Karavansara

East of Constantinople, West of Shanghai

The Fifth Indiana Jones Movie

4 Comments

So, the big news seems to be there will be a new Indiana Jones movie, the fifth1.
And this is big news because apparently we will get Harrison Ford as Indiana Jones, and Steven Spielberg at the helm.
Now, a lot of the fans I heard are damn sure this movie will suck.

It will be worse than that Crystal Skulls thing!

… they say.

indiana-jones-harrison-ford-steven-spielberg

But I’m not sure.
There are ways to make a good, solid, entertaining action fantasy pulp movie featuring a 73 years old man as the main character.
Granted, it needs some work.
But if you would please follow this link, Mr Spielberg –>

Fact – Harrison Ford is 73 years old.
Fact – Indiana Jones was born in 1899.
Fact – Indiana Jones V will have to be set in the early ’70s.

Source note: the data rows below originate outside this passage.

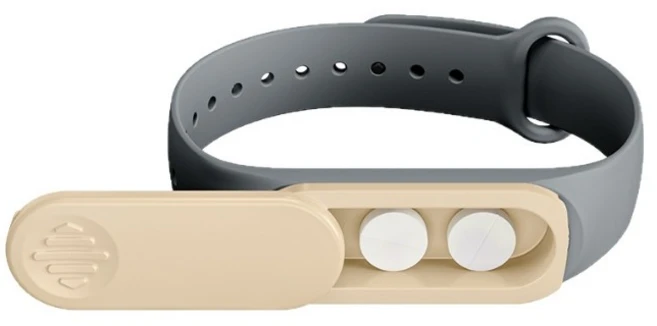 초경량 약통 팔찌 약보관 상비약 알약 수납, 1개, 그레이 - 쿠팡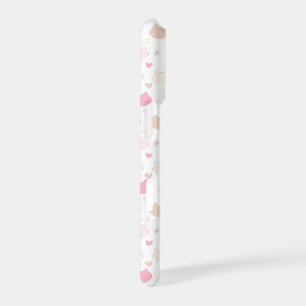 Pastel Pink Kawaii Cat Hearts Stars Phone Case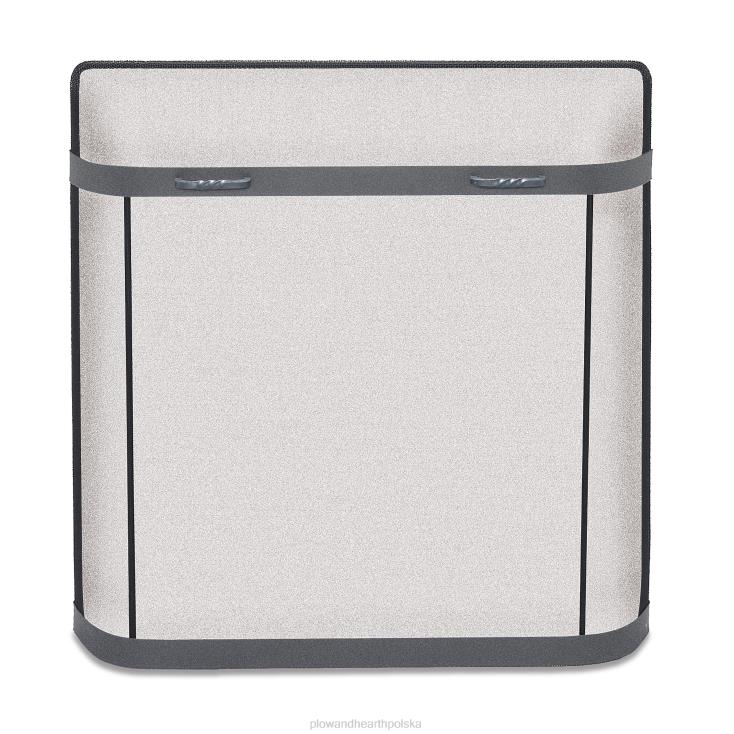 Plow & Hearth Średnia, niestandardowa osłona przeciwiskrowa z serii żelaznej - od 1501 do 2300 cali kwadratowych - czarna 02XR62917 kominek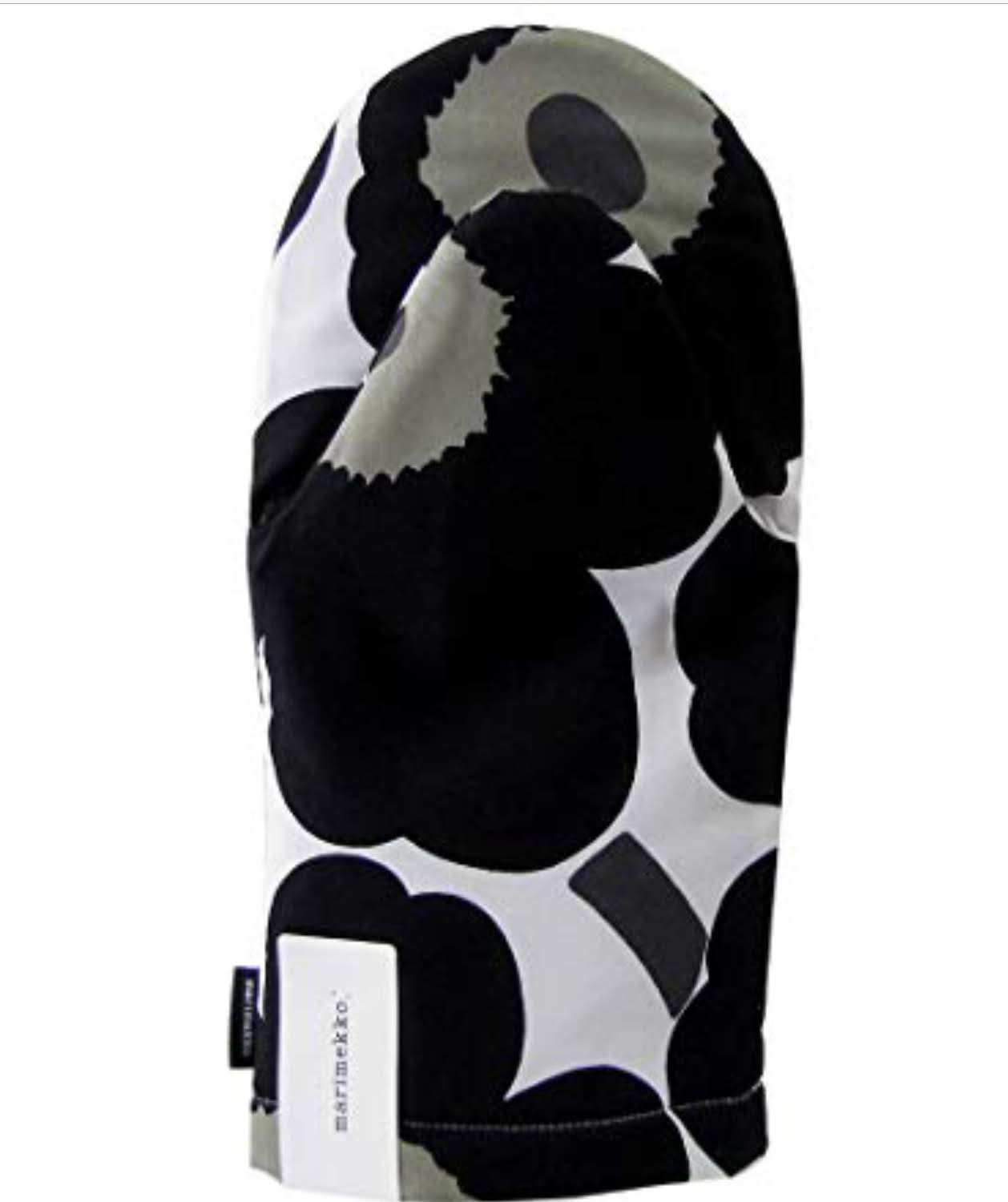 marimekko oven mitt, black and white oven mitt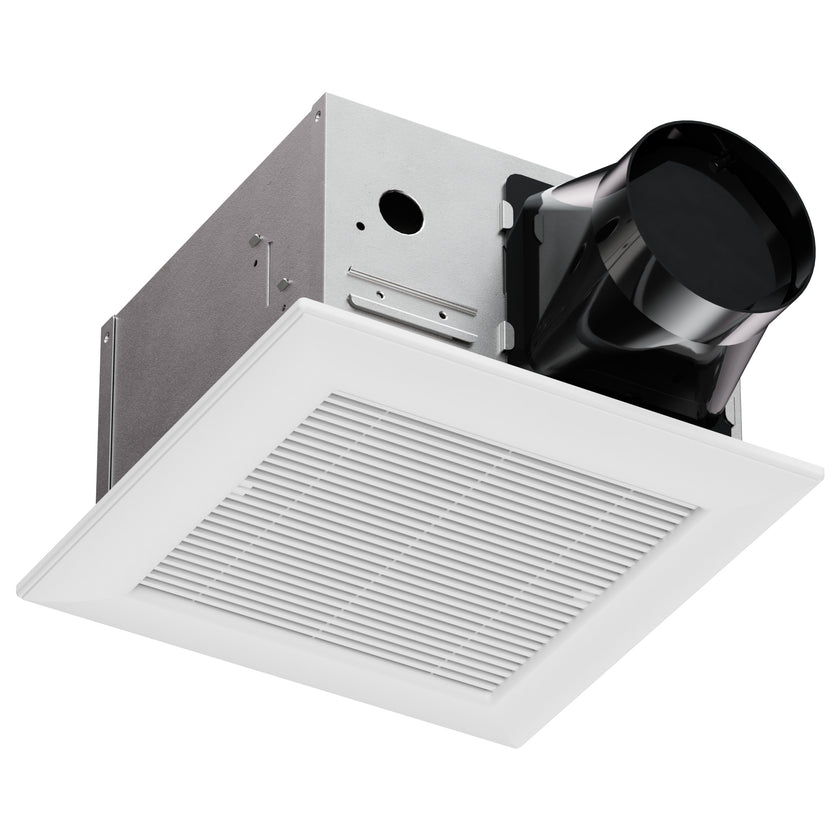 JULLISON Ventilation Fan With Grille for Bathroom and Home, 100CFM, 25W Ceiling Mount Shower Exhaust Fan, 120V, White, Wet Rated, ETL Certified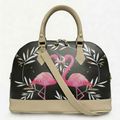 Borsa Alisya Madinbo - Made in Italy - CON GRAFICA FENICOTTERI ROSA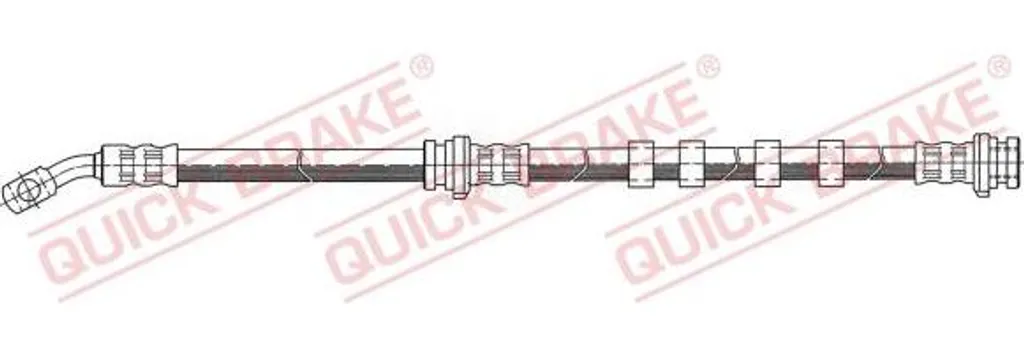 Flexible de frein QUICK BRAKE 58.981 compatible Maxima OE 4621032U10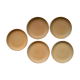 Lot de 5 grandes assiettes plates en grès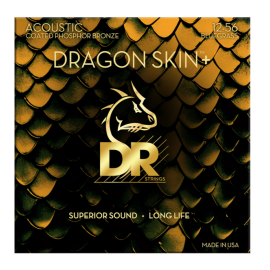 Струни для акустичних гітар DR Strings DRAGON SKIN+ Acoustic Phosphor Bronze - Bluegrass (12-56)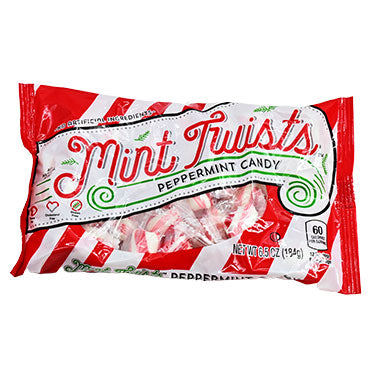 Mint Twists Red and White Peg Bag 6.5oz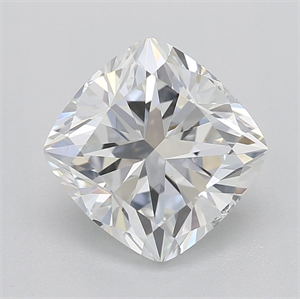 Foto Diamante Natural 1.50 quilates, Del cojín , Color G, claridad SI1 y certificado GIA de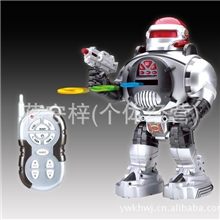 遥控机器人打飞盘跳舞太空战士正品锋源28083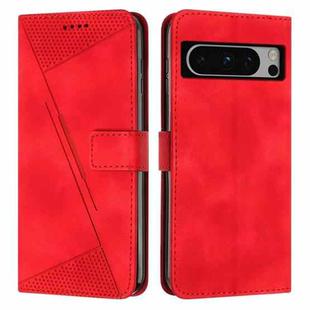 For Google Pixel 8 Pro Dream Triangle Leather Phone Case with Lanyard(Red)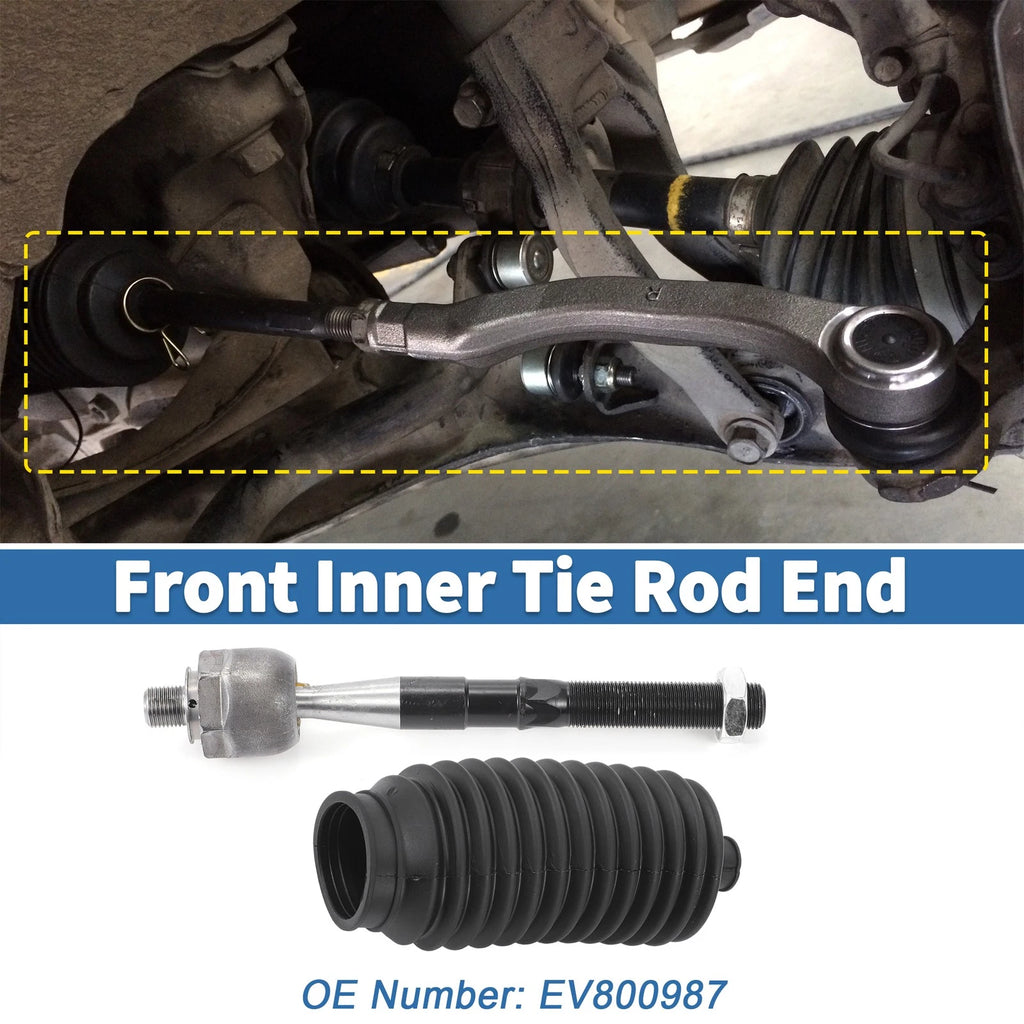 Set of 4 Front Inner Tie Rod End Links for Jeep Grand Cherokee (2011–2015) EV800987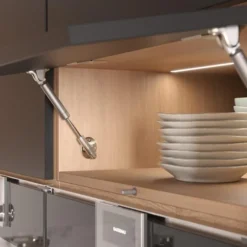 KRABY UP- Pistón a gas ascendente de apertura automática por expulsión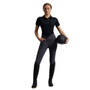 Premier Equine Ladies Sophia Full Seat Gel High Waist Riding Breeches in Anthracite Gray - front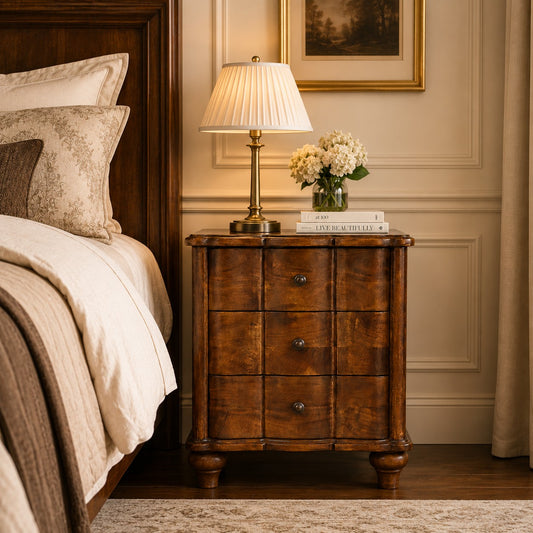 Stinson Chestnut 3 Drawer Nightstand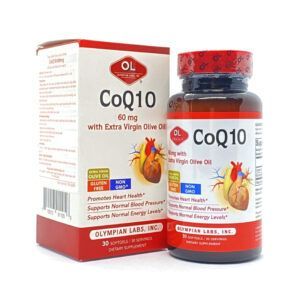 CoQ10 60mg Lọ 30 Viên – Chống Đột Quỵ, Cải Thiện Tuần Hoàn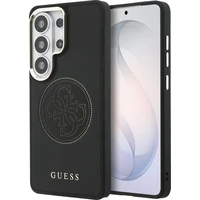 Guess PU Perforated 4G Logo Magnetický kryt Samsung Galaxy S26 Ultra čierny - Puzdra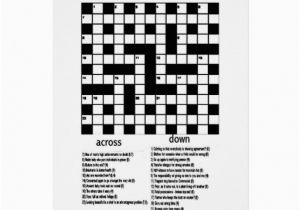 Crossword Birthday Card Crossword Greeting Card Zazzle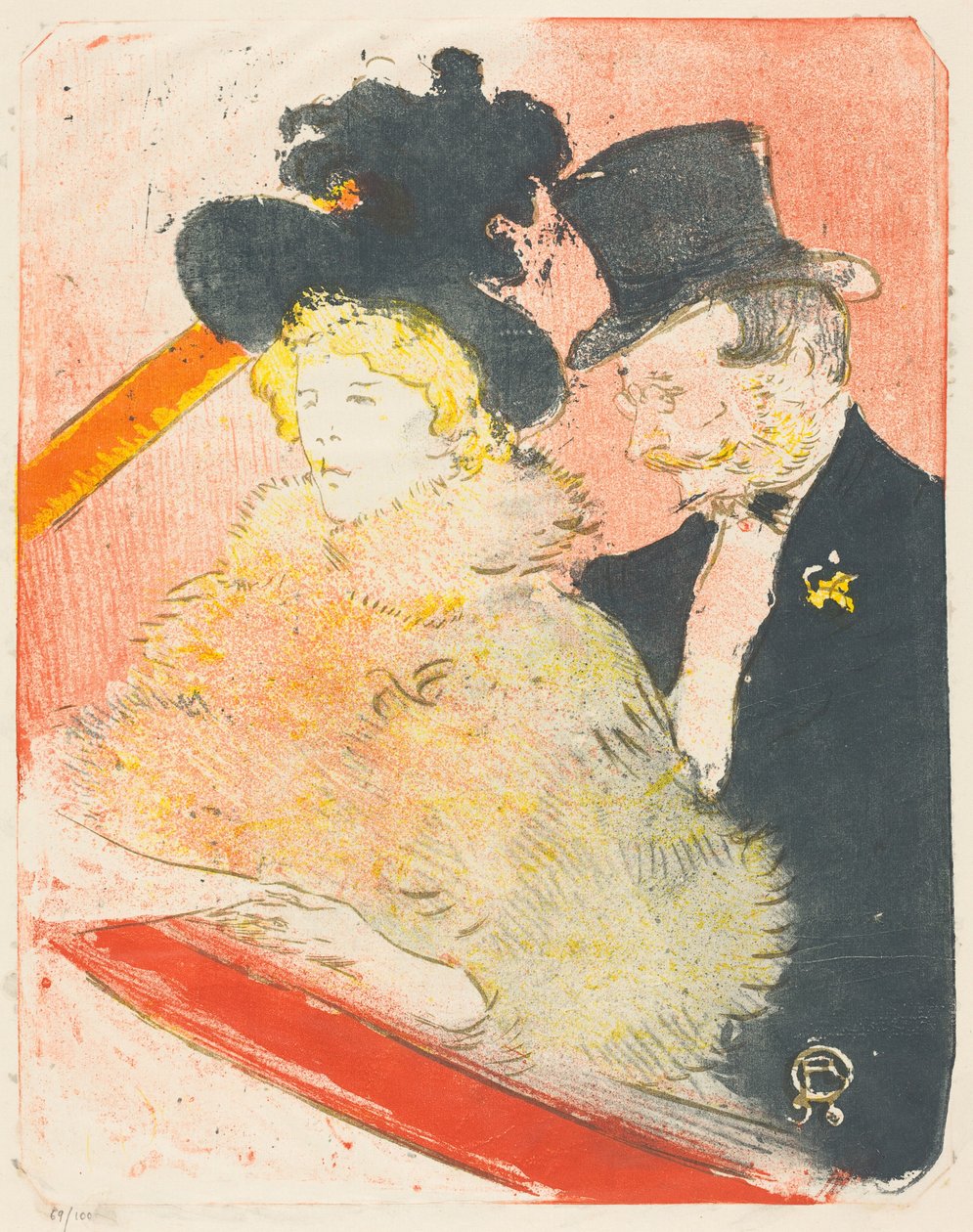 Ved koncerten (Au concert) af Henri de Toulouse-Lautrec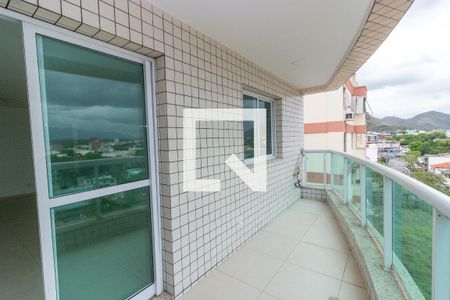 Varanda da Sala de apartamento para alugar com 3 quartos, 120m² em Vila Valqueire, Rio de Janeiro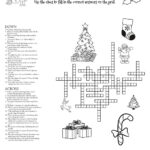 Merry And Bright Crossword Puzzle • Beeloo Printable Crafts And In Christmas Photo Action Crossword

Now, if I think of the ’70s and adventure, I either think about ancient astronauts (but we saw that already and, well, it was not that good) or space stations and undersea bases (but that’s James Bond bailiwick – and nobody does it better, right?).

So, let’s forget about those and think in terms of lost civilizations and maybe the remnants of Atlantis.
Opar? Yes, let’s rip off Edgar Rice Burroughs.

Yes, Steve - there's dinosaurs too. Cool, eh?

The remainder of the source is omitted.